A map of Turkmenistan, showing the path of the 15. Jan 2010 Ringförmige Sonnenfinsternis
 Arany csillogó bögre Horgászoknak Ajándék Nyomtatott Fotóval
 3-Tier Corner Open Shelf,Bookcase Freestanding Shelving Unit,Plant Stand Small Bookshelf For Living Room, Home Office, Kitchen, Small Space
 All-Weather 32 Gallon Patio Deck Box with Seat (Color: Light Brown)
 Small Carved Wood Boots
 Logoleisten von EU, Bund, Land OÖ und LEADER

========

HOW TO COMPLETE THIS TASK
Nothing but a number is expected here: the number of lines in the entries that include the word "Small".

SOLUTION FOR THIS PROBLEM
2